Some authors are banding together into groups to approve each other’s work. Book View Café is a group of traditionally published authors who market self-published versions of previously published work and original work directly to readers. According to the website, “Membership in Book View Café is limited to authors who have had at least one novel published with a traditional, advance-and-royalty paying print publisher.”

I expect we’ll see more of this kind of consortium. However, the authors involved will have to keep standards high. It only takes one or two bad books for a customer to assume everything published by a group is equally bad. Being part of a group with a bad reputation is probably worse than not having a group behind you.

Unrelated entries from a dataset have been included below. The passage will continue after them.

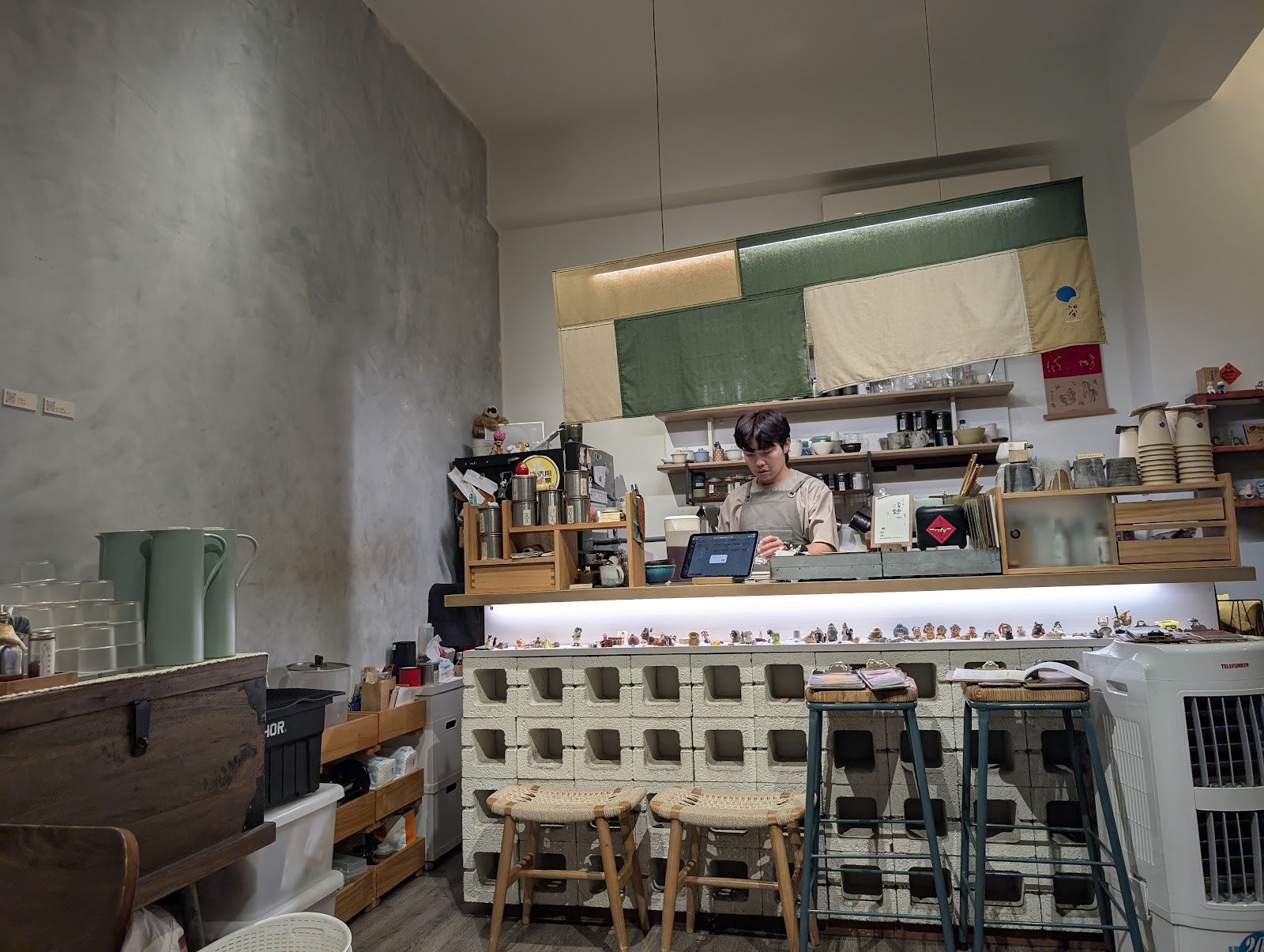 無口小廚 Mukuchi Kitchen & Bar: the place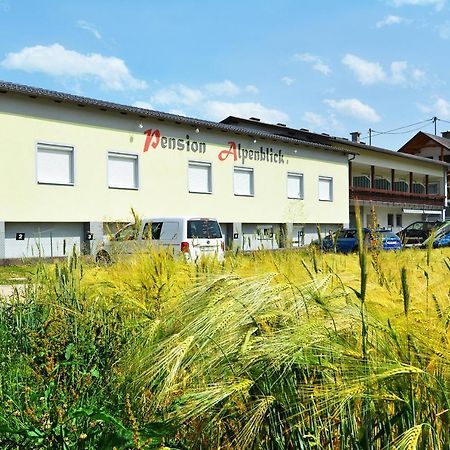 Alpenblick - Modernes Und Grosszuegiges Apartment Филах Екстериор снимка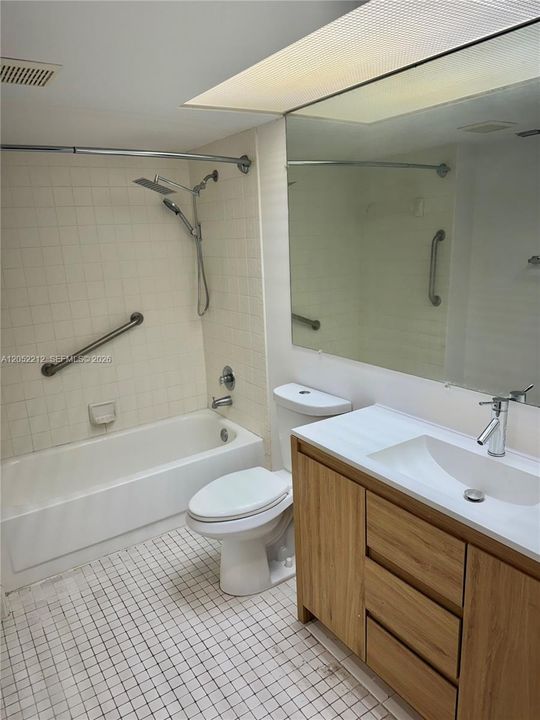 В аренду: $1,750 (1 спален, 1 ванн, 1045 Квадратных фут)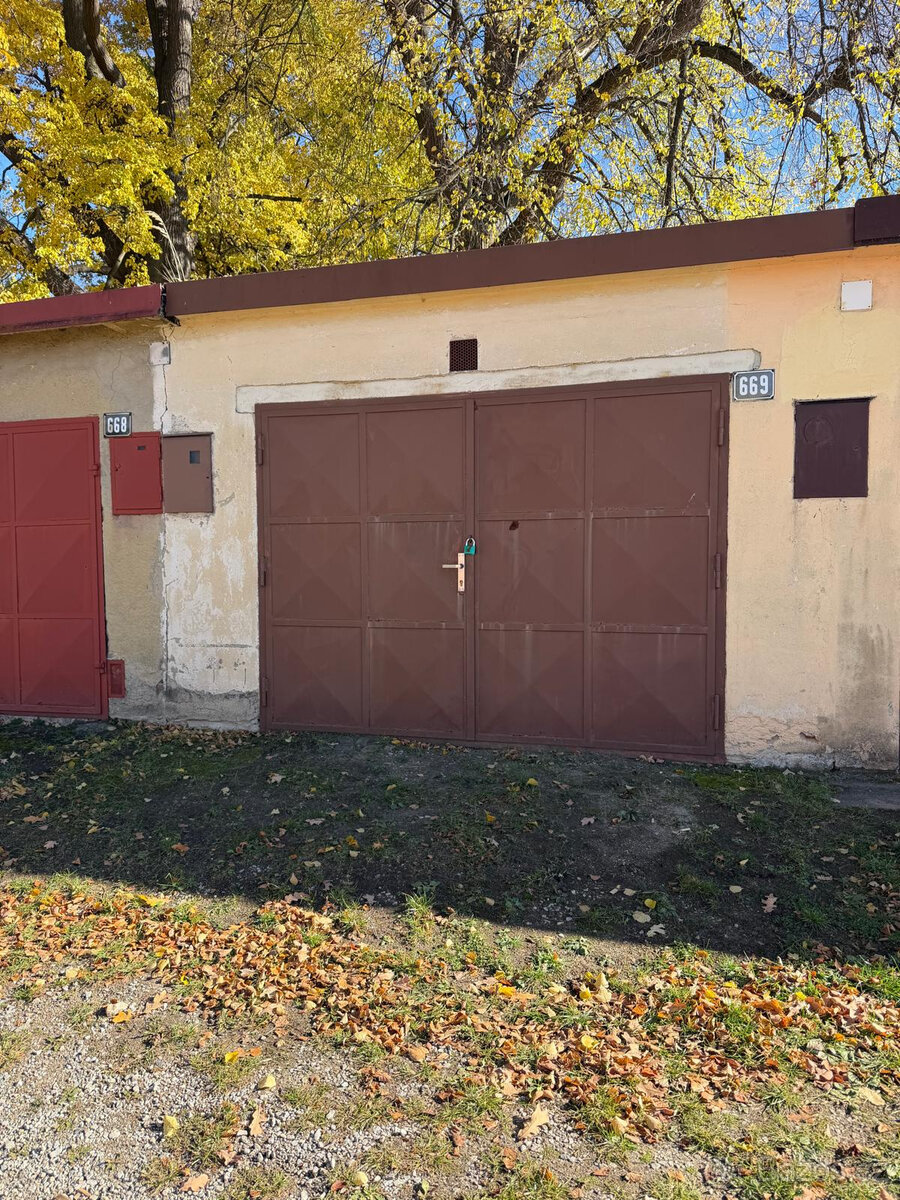 Prodej garáže 21 m² s jámou – Pelhřimov, Křemešnická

That puts authors in the awkward position of potentially having to tell friends and colleagues that their work isn’t ready yet. Even if the group limits members to authors who are previously published traditionally, that doesn’t guarantee that every new work by every member will be up to par. (My understanding is that at Book View Café every new work does have to go through a screening process by other members.)

It will be interesting to see what fills the “gatekeeper” void. Groups of authors banding together for marketing purposes? Freelance editors with reputations? Review websites? Will bloggers become even more powerful? Or will people depend primarily on Amazon reviews, which can be unreliable, filled with praise from the author’s family members who haven’t even read the book or criticisms from trolls with a personal grudge?

What do you see as the future of the gatekeeper?

(Speaking of reviews, I have some good ones on Amazon for Rattled and The Eyes of Pharaoh. These, of course, are nothing but the unvarnished truth.)

3 comments:

  1. I wonder if you have talked to P.J. Hoover about publishing with the support of her literary agency, Andrea Brown. That strikes me as an interesting new model.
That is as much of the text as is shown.